Nous avions proposé, lors de l’examen du projet de loi relatif à la transition énergétique pour la croissance verte, de fixer une trajectoire de développement des énergies renouvelables, les ENR, avec un objectif non-contraignant de 15 % à 20 % d’ici 2020.
Il s’agit d’objectifs réalisables au regard des avancées technologiques actuelles qu’il faudrait poursuivre tout en simplifiant les règles existantes pour le déploiement des ENR matures, en laissant le marché arbitrer le prix des énergies et en privilégiant fiscalement les énergies vertes qui s’intègrent le plus harmonieusement au réseau existant, de manière à limiter les perturbations sur celui-ci.
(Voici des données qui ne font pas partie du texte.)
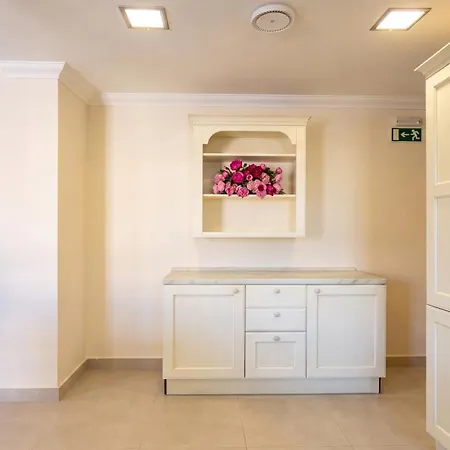 Villa Kampanella - Luxury 7 Bedroom With Pool , Jacuzzi , Panoramic Sea & Sunset Views *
S’agissant ensuite de l’agro-écologie en tant qu’alternative à notre mode de production agricole, votre résolution veut faire de ce mode de production l’alpha et l’oméga de notre agriculture. Or, si l’agro-écologie peut conduire à des expérimentations intéressantes, elle ne peut, à elle seule, constituer l’unique socle de la politique de développement agricole et assurer la totalité de la production alimentaire, que ce soit en France ou dans le reste du monde.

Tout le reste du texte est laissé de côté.